Memorandum: The Village of Painted Post (Village), Painted Post Development, LLC and SWEPI, LP (collectively, respondents) appeal from a judgment insofar as it denied that part of their motion pursuant to CPLR 3211 and 3212 with respect to the first cause of action and awarded petitioners summary judgment on that cause of action. Supreme Court otherwise granted respondents’ motion and dismissed the second and third causes *1311of action. In denying that part of respondents’ motion with respect to the first cause of action, the court concluded that petitioner John Marvin was the only petitioner who had standing to bring the proceeding and that the sole ground upon which he had standing was his “proximity and [his] complaint of train noise newly introduced into his neighborhood.” Based upon its determination that Marvin had standing, the court refused to dismiss the petition with respect to the remaining petitioners despite their lack of standing (see generally Saratoga County Chamber of Commerce v Pataki, 100 NY2d 801, 813 [2003], cert denied 540 US 1017 [2003]; Maraia v Orange Regional Med. Ctr., 63 AD3d 1113, 1115 [2009]). We agree with respondents that Marvin lacked standing, and we thus conclude that the court erred in refusing to dismiss the petition against them.

There is no dispute that “[c]ourts surely do provide a forum for airing issues of vital public concern, but so do public hearings and publicly elected legislatures, both of which have functioned here. By contrast to those forums, a litigant must establish its standing in order to seek judicial review” (Society of Plastics Indus. v County of Suffolk, 77 NY2d 761, 769 [1991]). “With the growth of litigation to enforce public values, such as protection of the environment, the subject of standing has become a troublesome one for the courts” (id. at 771). “ ‘[I]njury in fact’ has become the touchstone” for standing (id. at 772), because “[t]he existence of an injury in fact — an actual legal stake in the matter being adjudicated — ensures that the party seeking review has some concrete interest in prosecuting the action” (id.).

It is well established that “[s]tanding requirements ‘are not mere pleading requirements but [instead are] an indispensable part of the plaintiffs case[,]’ and therefore ‘each element must be supported in the same way as any other matter on which the plaintiff bears the burden of proof ” (Matter of Save the Pine Bush, Inc. v Common Council of City of Albany, 13 NY3d 297, 306 [2009]).
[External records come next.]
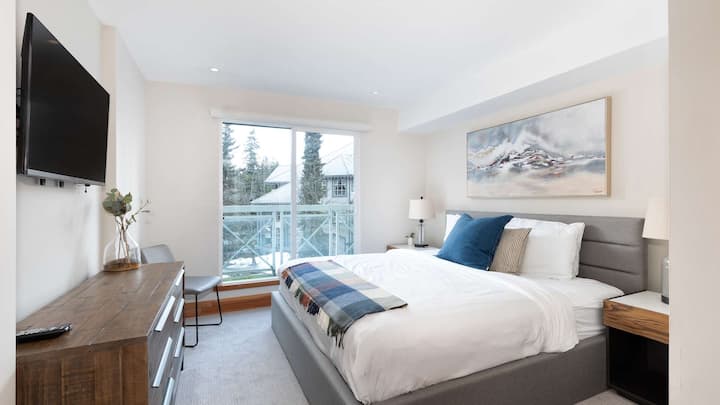 Imagen de la recámara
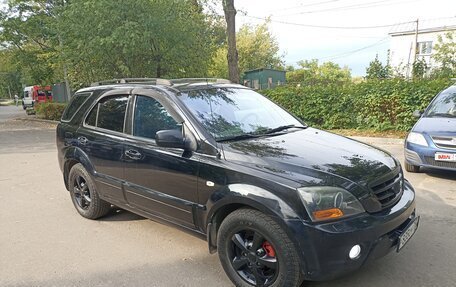 KIA Sorento IV, 2007 год, 780 000 рублей, 7 фотография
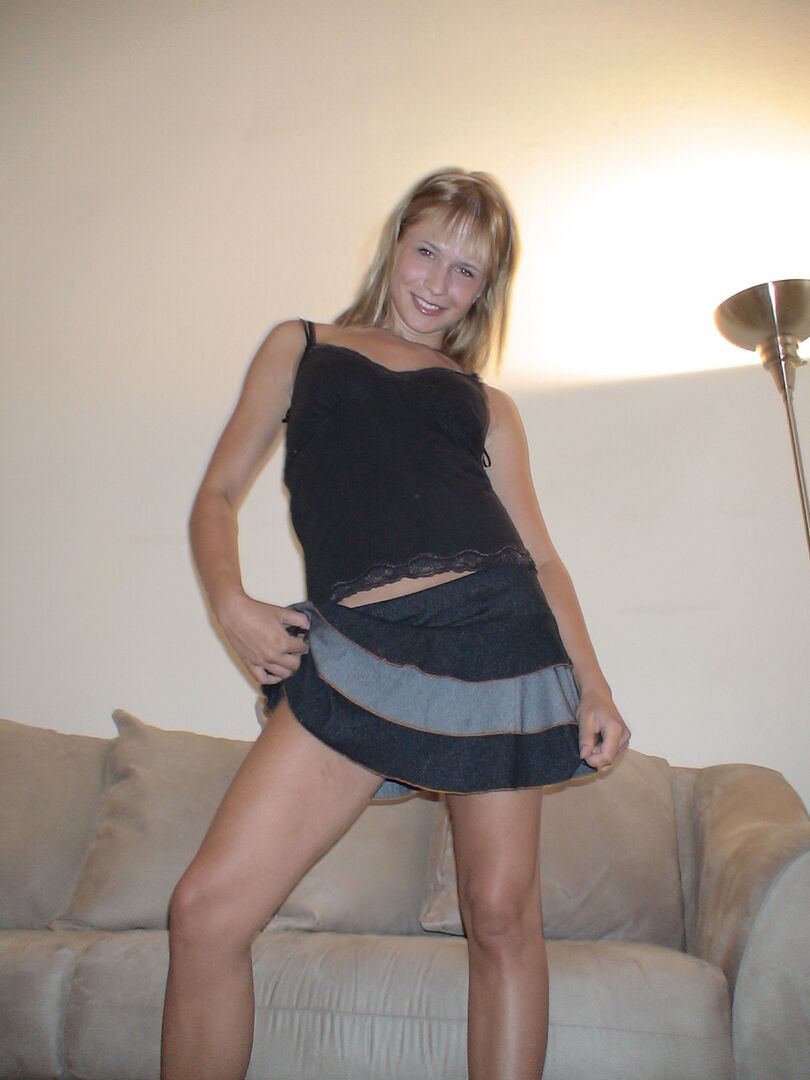 Kristine - POV 5359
Where, as here, the proceeding does not involve a “zoning-related issue . . . , there is no presumption of standing to raise” a challenge under the State Environmental Quality Review Act ([SEQRA] ECL art 8) based solely on a party’s proximity (Matter of Save Our Main St. Bldgs. v Greene County Legislature, 293 AD2d 907, 908 [2002], lv denied 98 NY2d 609 [2002]; see Matter of Rent Stabilization Assn. of N.Y.C., Inc. v Miller, 15 AD3d 194, 194-195 [2005], lv denied 4 NY3d 709 [2005]; Matter of Oates v Village of Watkins Glen, 290 AD2d 758, 761 [2002]). In such a situation, the party seeking to establish standing must establish that the injury of which he or she *1312complains “falls within the ‘zone of interests,’ or concerns, sought to be promoted or protected” (Society of Plastics Indus., 77 NY2d at 773), and that he or she “would suffer direct harm, injury that is in some way different from that of the public at large” (id. at 774; see Matter of Mobil Oil Corp. v Syracuse Indus. Dev. Agency, 76 NY2d 428, 433 [1990]).

While we agree with petitioners that noise falls within the zone of interests sought to be protected by SEQRA (see Matter of Long Is. Contractors’ Assn. v Town of Riverhead, 17 AD3d 590, 594-595 [2005]; Matter of McGrath v Town Bd. of Town of N. Greenbush, 254 AD2d 614, 616 [1998], lv denied 93 NY2d 803 [1999]; see generally ECL 8-0105 [6]), we conclude that respondents met their burden of establishing as a matter of law that Marvin did not sustain an injury that was different from that of the public at large.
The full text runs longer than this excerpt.